O ex-autarca e professor foi também, desde 2004 e até ao último ano, vogal do conselho directivo da Organização Não Governamental Oikos, que promove a cooperação e o desenvolvimento por todo o mundo a fim de melhorar a vida das populações, por exemplo, em Angola ou Moçambique. “Há milhões de pessoas que nunca viram uma lâmpada acesa. Gente que nunca viu um computador, não sabe o que é a Internet nem tem o mínimo indispensável para viver. O maior problema que vamos ter no futuro é a questão ambiental, ainda que as pessoas o desvalorizem. A falta de água será uma verdadeira bomba atómica. Toda a gente irá à procura dela e fará de tudo para a ter”, antevê.

Um escuteiro apaixonado por jazz e Pink Floyd

Vítor Carola nasceu a 22 de Maio de 1959 em Alverca, onde vive. É professor de História e sportinguista. Fez parte da patrulha fundadora do agrupamento 317 dos escuteiros de Alverca, a que ainda está ligado. Na vida associativa foi presidente da assembleia geral (2002-2010) e membro do conselho fiscal (2011-2017) da AIPNE – Associação para a Integração de Pessoas com Necessidades Especiais - de Alverca e foi presidente da mesa da assembleia geral da Associação de Assistência e Beneficiência da Misericórdia de Alverca de 2006 a 2017. Em 2007 recebeu o galardão de mérito autárquico da Junta de Alverca. Este ano, nas comemorações do 25 de Abril, foi distinguido com a medalha de honra do município.

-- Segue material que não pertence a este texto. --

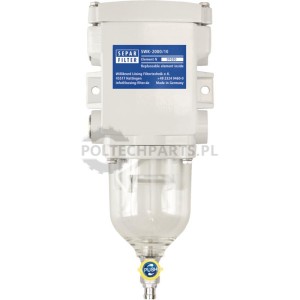 Separator wody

Tocar guitarra é um dos seus vícios, que aprendeu sozinho a ver outros músicos em palco. Confessa ter sido “atropelado” pelo álbum “The Dark Side of the Moon” dos Pink Floyd, em 1975, e nunca mais largou a música da banda britânica.

Ultimamente está a apreciar jazz. “Kind of Blue”, de Miles Davis, foi o seu ritual de iniciação jazzístico. Diz que dificilmente teria sido militante de outra força política que não o PS. “Gosto de trocar ideias, saber, conhecer e ter esta ideia de que posso ser útil e dar o meu contributo aos demais para que as coisas aconteçam da melhor maneira”, conta. No ensino fez o curso geral de electrotecnia mas a História sempre foi a sua disciplina preferida. Começou a trabalhar como operário não especializado na Eurofil, uma empresa de plásticos reforçados, já falida. Depois foi escriturário na ADP Fertilizantes e foi aí que voltou aos bancos da escola. Conseguiu entrar na Faculdade de Letras e fez-se professor. Tira-o do sério a desfaçatez, inveja, a incapacidade para perceber o outro e a ignorância.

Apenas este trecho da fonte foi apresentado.